____ Data shown
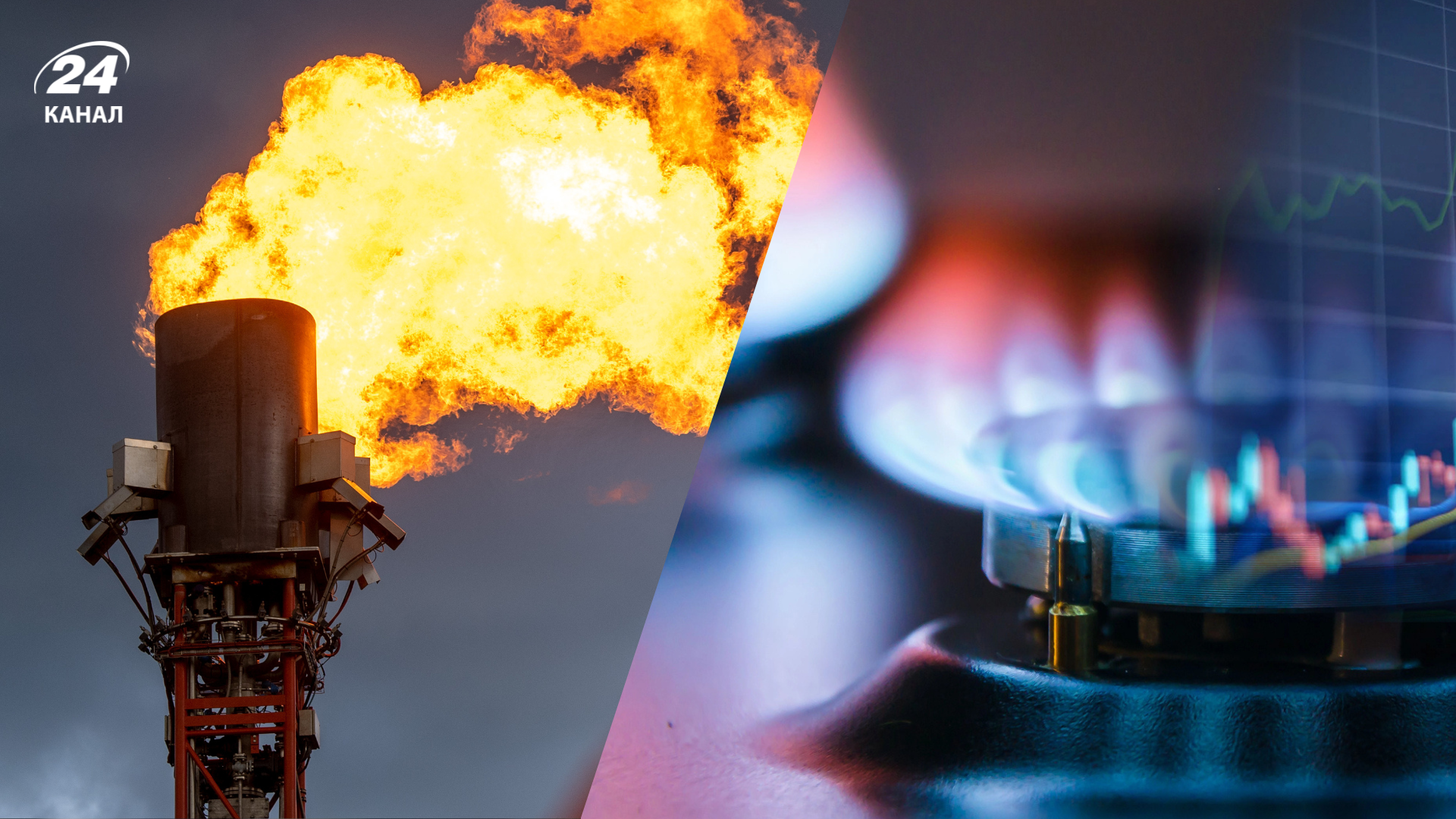 Ціни знову лихоманить: Іран заявив про атаку на найбільше газове родовище - Економіка Ціни знову лихоманить: Іран заявив про атаку на найбільше газове родовище - Економіка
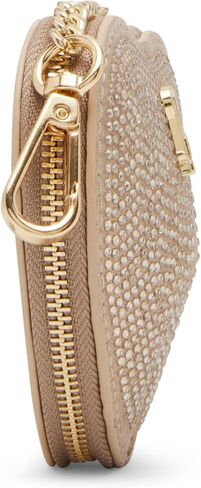 صندوق هدايا على شكل قلب بسحاب من Steve Madden Amor in Saudi Arabia
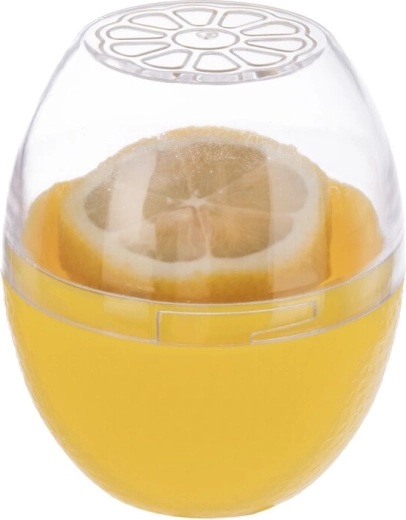 Conserve l’agrume frais plus longtemps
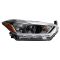 Headlight Assembly
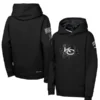 Chiefs 2026 Salute to Service Club Hoodie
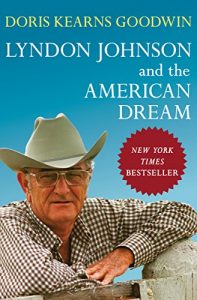 Download Lyndon Johnson and the American Dream pdf, epub, ebook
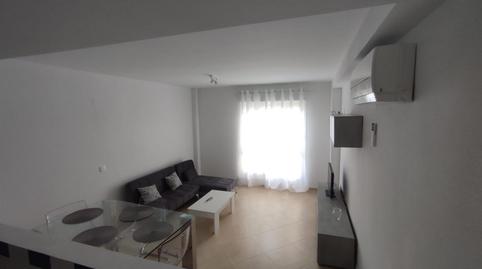 Foto 5 de Dúplex de alquiler en Calle Pamela, 13b, Rancho Domingo - La Hacienda, Málaga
________
### Problem to work on
Pictures must be left out of the answer, which should be exactly the lines from the one holding "Conserve l’agrume frais plus longtemps" through the last line of the entries above, both included; please add nothing.

### Result of this task
 Conserve l’agrume frais plus longtemps
 Headlight Assembly
 Chiefs 2026 Salute to Service Club Hoodie
 Download Lyndon Johnson and the American Dream pdf, epub, ebook
 Foto 5 de Dúplex de alquiler en Calle Pamela, 13b, Rancho Domingo - La Hacienda, Málaga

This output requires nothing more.